▶ [INPUT FOR THIS TASK]:
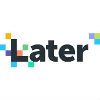 Later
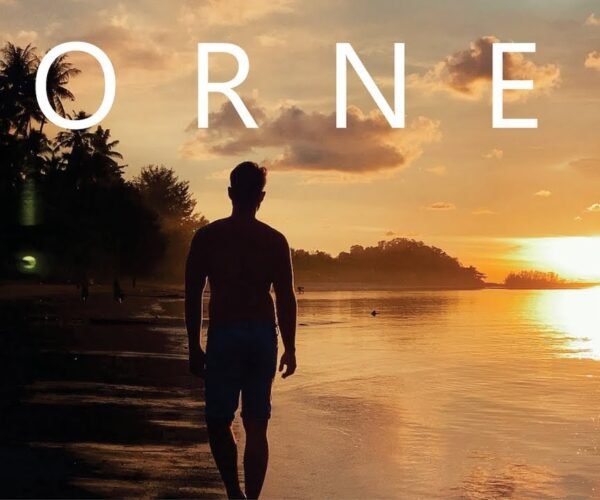 Borneo Travel Guide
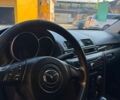 Синий Мазда 3, объемом двигателя 1.6 л и пробегом 165 тыс. км за 5000 $, фото 13 на Automoto.ua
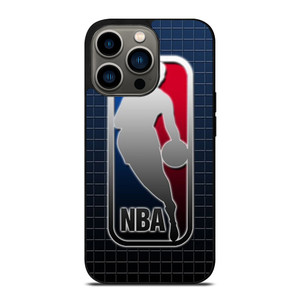 NBA LOGO BASKETBALL iPhone 13 Pro Case Cover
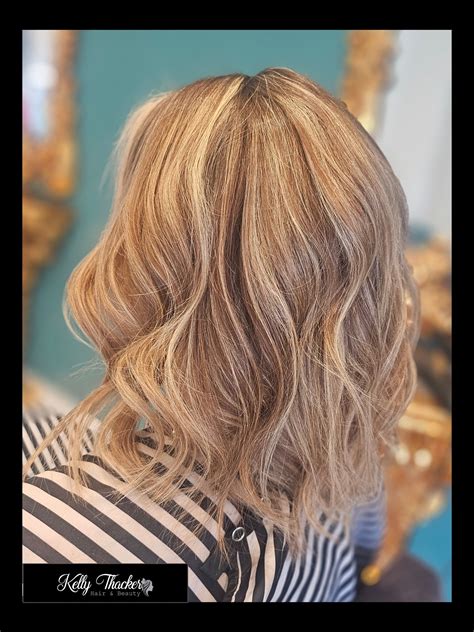 Kelly Thacker Hair & Beauty Salon | Wrexham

▶ [INSTRUCTIONS FOR THE TASK]: Before copying the material, set its pictures aside; then transcribe it word for word.

▶ [WRITTEN RESPONSE]:
 Later
 Borneo Travel Guide
 Синий Мазда 3, объемом двигателя 1.6 л и пробегом 165 тыс. км за 5000 $, фото 13 на Automoto.ua
 NBA LOGO BASKETBALL iPhone 13 Pro Case Cover
 Kelly Thacker Hair & Beauty Salon | Wrexham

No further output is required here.